Último Tango em Paris (Last Tango in Paris – 1972)
Muita gente se lembra dele por causa de suas cenas de sexo,
alguns chegam a classificá-lo erroneamente como um filme erótico e até
pornográfico. Quem assiste procurando satisfazer estas necessidades irá
terminar frustrado, pois a obra de Bernardo Bertolucci é um estudo psicológico
sobre a mortalidade, a necessidade humana de se apegar a crenças e o
relacionamento.
A esposa do personagem de Marlon Brando acabou de se
suicidar, deixando-o completamente desorientado e amargurado. Subitamente sua
vida parece ter perdido o sentido, ele passa a rondar pelas ruas frias de Paris
procurando se isolar do mundo. A personagem de Maria Schneider também ronda a
cidade, procurando um sentido em sua existência. Seu noivo, vivido por
Jean-Pierre Léaud (eterno “Antoine Doinel”, de Truffaut), um narcisista fútil
que representa um mundo politicamente correto. Num toque de gênio, o roteiro
torna-o um cineasta que persegue sua noiva pela cidade, acompanhado de suas
câmeras, como se a filmasse para um projeto que está preparando. Vejo isso como
um simbolismo perfeito. Todos os beijos do casal são pensados para o melhor
posicionamento da câmera, assim como todos os diálogos e declarações de amor se
mostram calculados, artificiais. Com o casal Jean-Pierre e Maria, Bertolucci
quis representar o falso amor, aquele que é propagado aos quatro ventos, mas
não é sentido em sua essência. Sentimento de “fachada”, onde ambos posam para o
deleite da sociedade.
Brando e Maria representam o outro extremo de um
relacionamento, aquele no qual ambos procuram formas de se completarem. As tão
faladas cenas de sexo, em especial a que se utiliza da manteiga, existem por um
motivo. A intenção não é somente chocar o público, mas sim encaminhá-lo para
uma catarse emocional que acontece próximo do desfecho. Nessa relação não
existe amor. Brando insiste em não revelar seus nomes um ao outro, nem mesmo
suas histórias de vida. O sexo entre eles é um ritual de purificação
espiritual, onde caminham a passos rápidos em direção ao inferno, para só então
vislumbrarem um tipo de céu. Isso fica claro no terceiro ato, quando sua
relação intensifica e ambos flertam com radicalismos. Paul busca encontrar
naquela desconhecida a negação de qualquer sentimento, qualquer noção de
moralidade, expondo a falsa pudicícia da jovem. Jeanne deixa claro ao final,
quando encara a realidade de um questionamento externo sobre seus atos, sua regressão
psicológica ao confortável estado de vítima (“eu não o conheço, ele me
estuprou...”), algo essencial para que ela consiga se “domar” e aceitar o
ritual do casamento com seu noivo.
Minha cena favorita no filme ocorre num salão de dança,
quando um Paul totalmente vulnerável convida a desconfortável jovem, com quem
por semanas havia mantido uma relação tórrida (agora, incrivelmente sem "química"), para um trôpego tango. Sem
o elemento do mistério, ela já percebe em seu parceiro bêbado sua calvície, as
rugas nos olhos e os quilos a mais. É uma situação essencialmente trágica, como
todo tango deve emoldurar. Os competidores e seus passos perfeitamente calculados
são a hipócrita sociedade, enquanto Paul e Jeanne debocham descaradamente de
todo aquele ritual, conduzindo os jurados ao pânico.
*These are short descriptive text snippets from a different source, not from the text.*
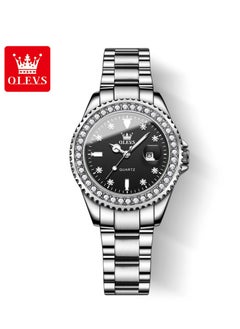 Buy Watches for Women Stainless Steel Quartz Water Resistant Analog Watch 34mm Silver 9945 in Saudi Arabia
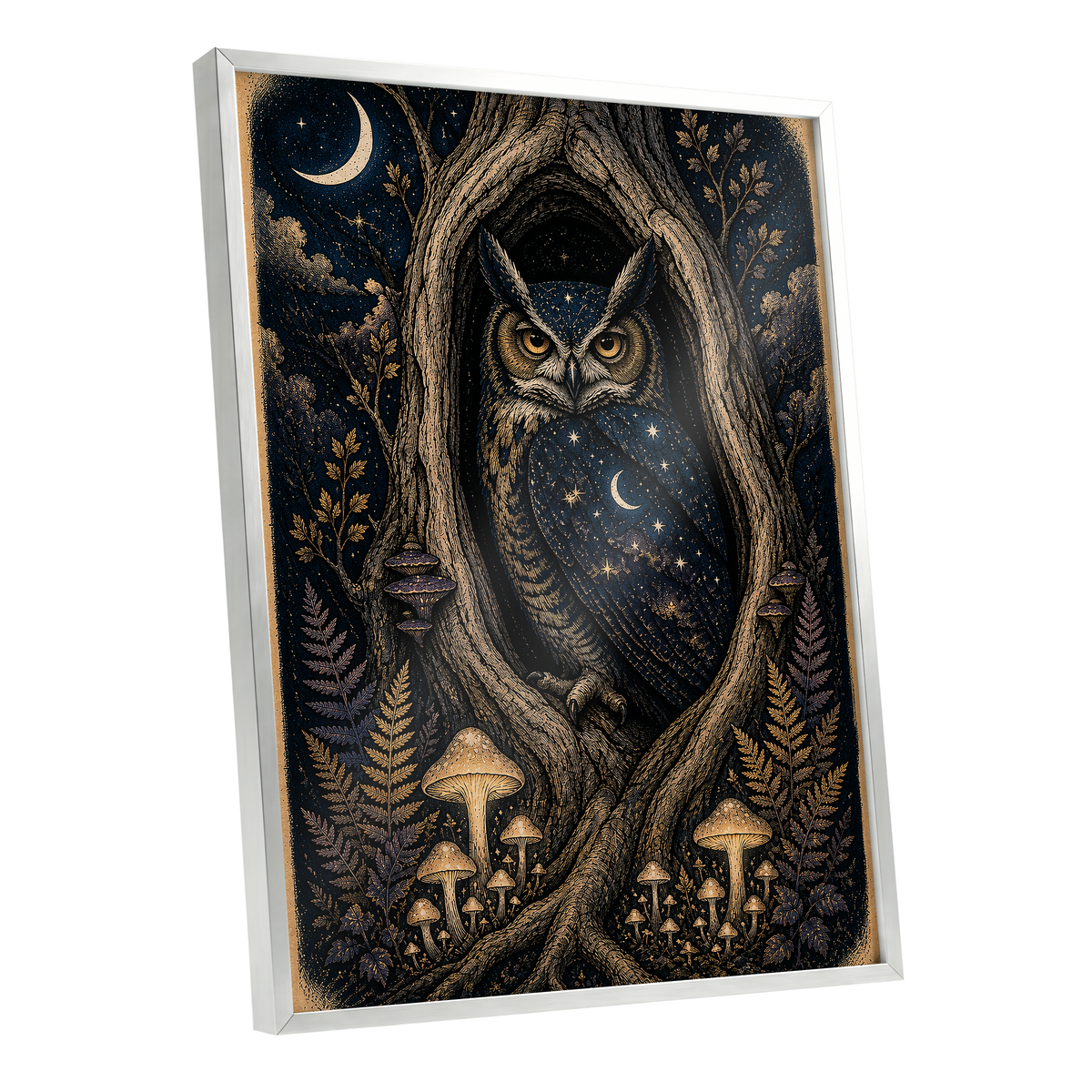 Midnight Owl Hollow, black, blue, gold nature wall art shown as a silver framed poster wall art print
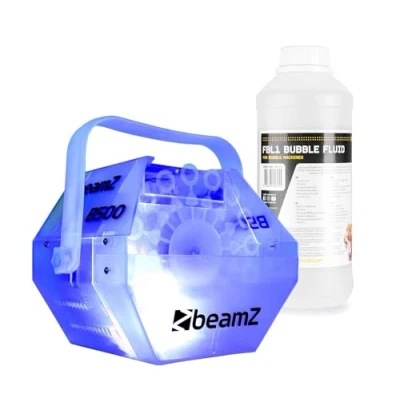Imagen de BeamZ B500LED Máquina de burbujas con LEDs multicolor, 1L líquido incluido, diseño transparente, potente ventilador, uso automático, perfecta para fiestas, eventos y ferias infantiles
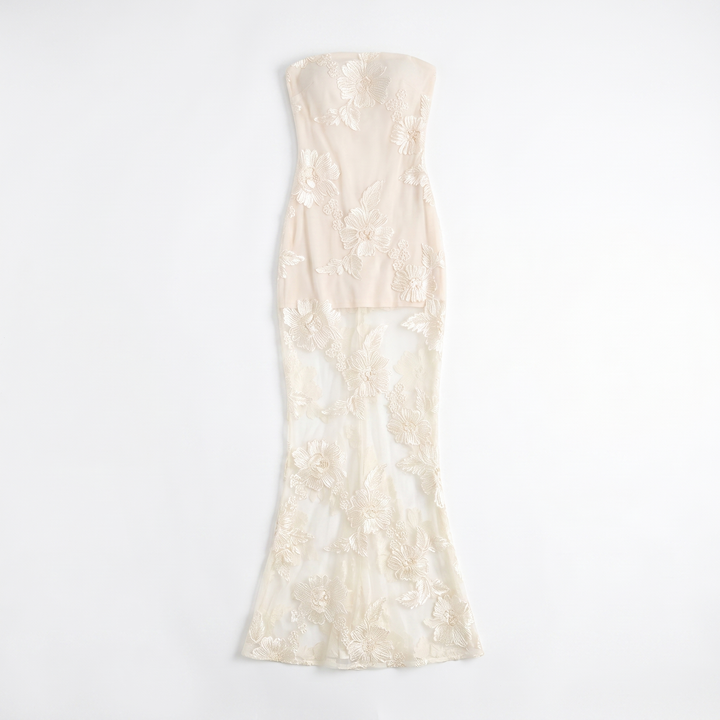 Sunoire new sexy lace 3d flower mermaid maxi dress women sleeveless embroidered floral long dress elegant evening party wedding gowns garment flatlay 01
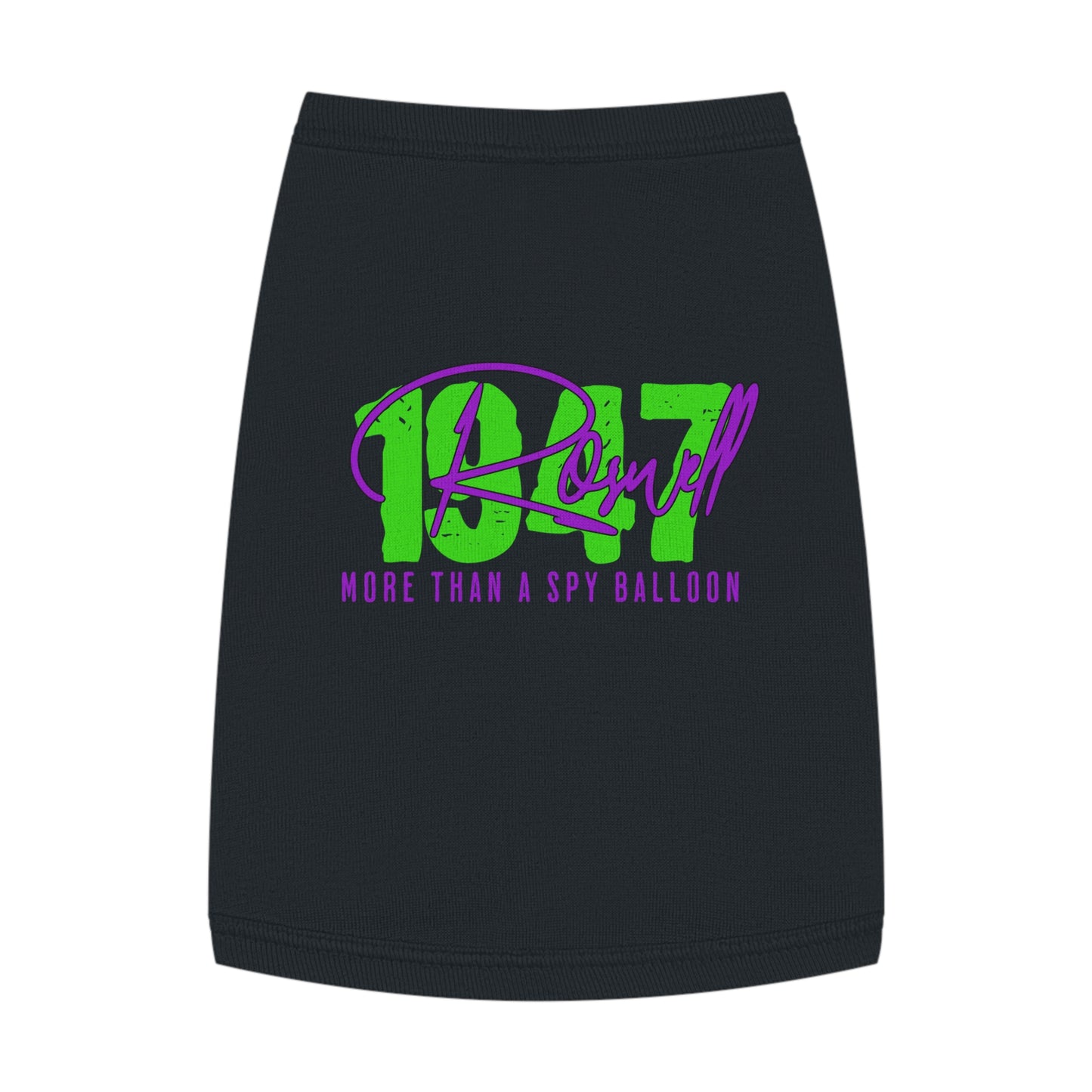 Pet Tank Top — "Roswell 1947" Neon Graphic Dog Tank (More Than a Spy Balloon)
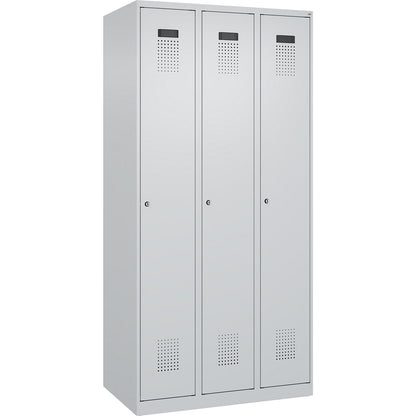 Evolo PLUS clean and dirty clothes locker, narrow, 3 compartments, shortened centre divider, light grey, W 900 mm, with floor glides, cylinder lock.
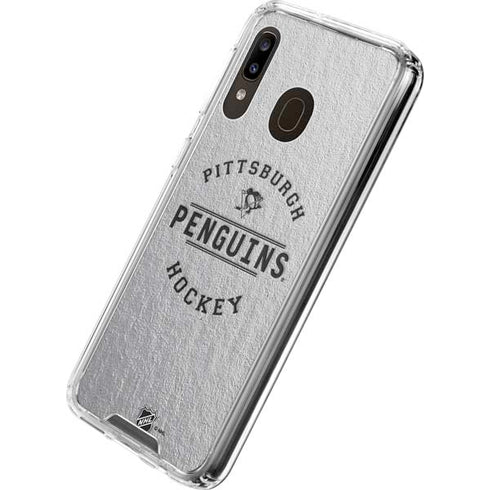 NHL Pittsburgh Penguins Black Text Galaxy A30 Clear Case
Bertolucci utiliza os encontros do casal no velho
apartamento vazio como uma analogia ao processo de desmistificação do amor.
Trazendo-o para seus elementos mais primários e bestiais, desvincula-o de todos
os tabus referentes à idolatria, orgulho e religiosidade. Um filme denso e
imperfeito como a vida. Você pode encará-la ou virar o rosto em repúdio, mas
nunca negar sua pungente existência.